▶ **Extracted data**:
##########

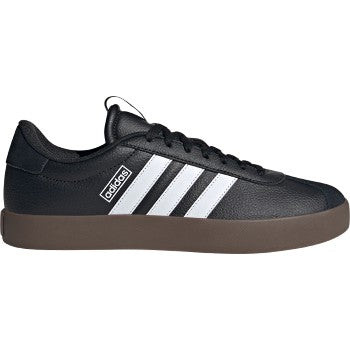 adidas VL Court 3.0 Indoor Shoes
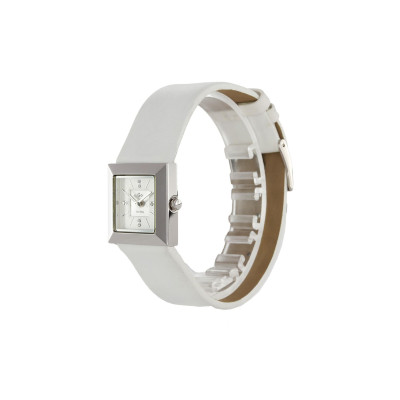 ساعت مچی زنانه اصل | برند جی او | مدل 697556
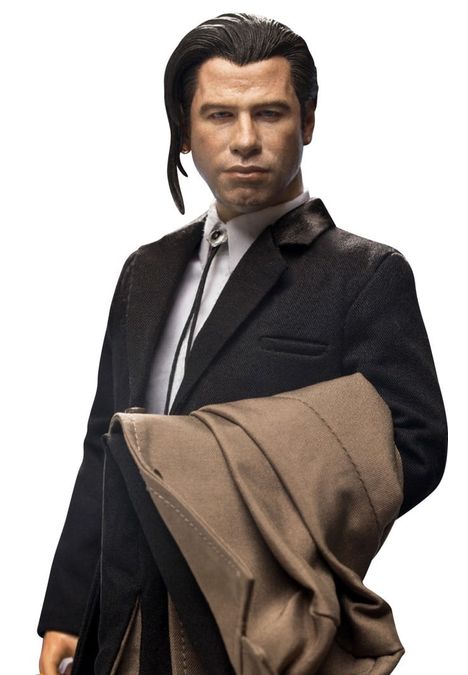 image-d1220373e28145fcb3153a1780e8a297 image-d1220373e28145fcb3153a1780e8a297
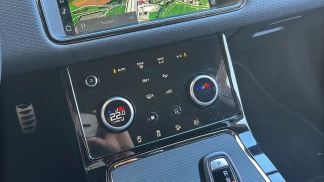 Leasing SUV Land Rover Range Rover Evoque 2023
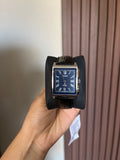 Reloj Casio Hombre MTP-B190L-2BVDF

##########

▶ **Action item**: An exact transcription of the data above is needed, without the pictures.

▶ **Task solution**:
 adidas VL Court 3.0 Indoor Shoes
 ساعت مچی زنانه اصل | برند جی او | مدل 697556
 image-d1220373e28145fcb3153a1780e8a297 image-d1220373e28145fcb3153a1780e8a297
 Leasing SUV Land Rover Range Rover Evoque 2023
 Reloj Casio Hombre MTP-B190L-2BVDF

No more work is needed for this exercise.